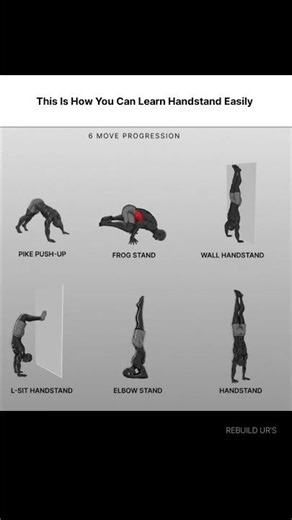 how you can learn handstand easily. #shorts #viralshorts
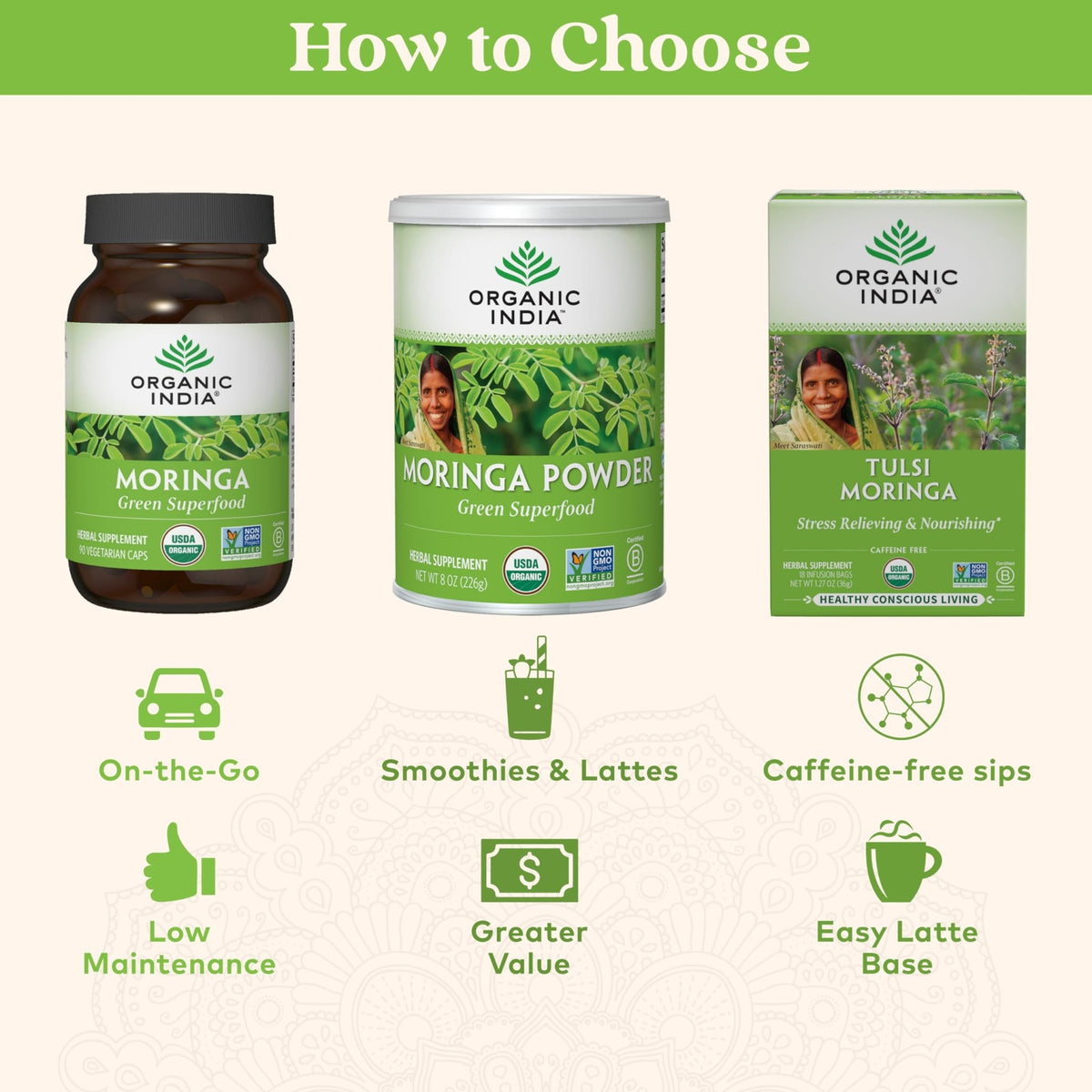 ORGANIC INDIA Moringa Herbal Supplement - Green Superfood, Nutrient Dense, Pure Plant Protein, Vitamin A, E, K, Iron, Calcium, Fiber, Vegan - FENGGESTORE20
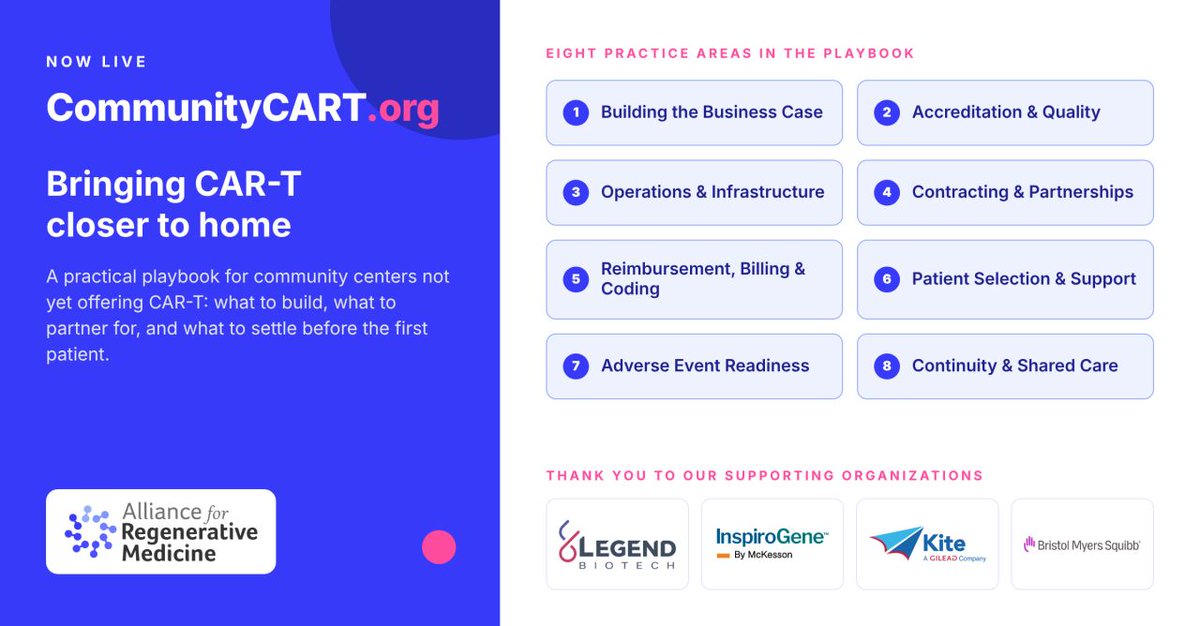 alliancerm's tweet photo. Another big announcement at #CGMesa26 | https://t.co/l8iAULv9ho is now live! 💻 🧬 

Nearly 85% of people with cancer are cared for in community settings, yet fewer than 15% of CAR-T patients are treated outside academic centers. 
1/3 https://t.co/7yTudS2Y50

WHAT THE EXERCISE ASKS:
Output only the lines from the one containing "Nearly 85% of" through the end of the material, please, exactly as they appear.

TASK ANSWER:
Nearly 85% of people with cancer are cared for in community settings, yet fewer than 15% of CAR-T patients are treated outside academic centers. 
1/3 https://t.co/7yTudS2Y50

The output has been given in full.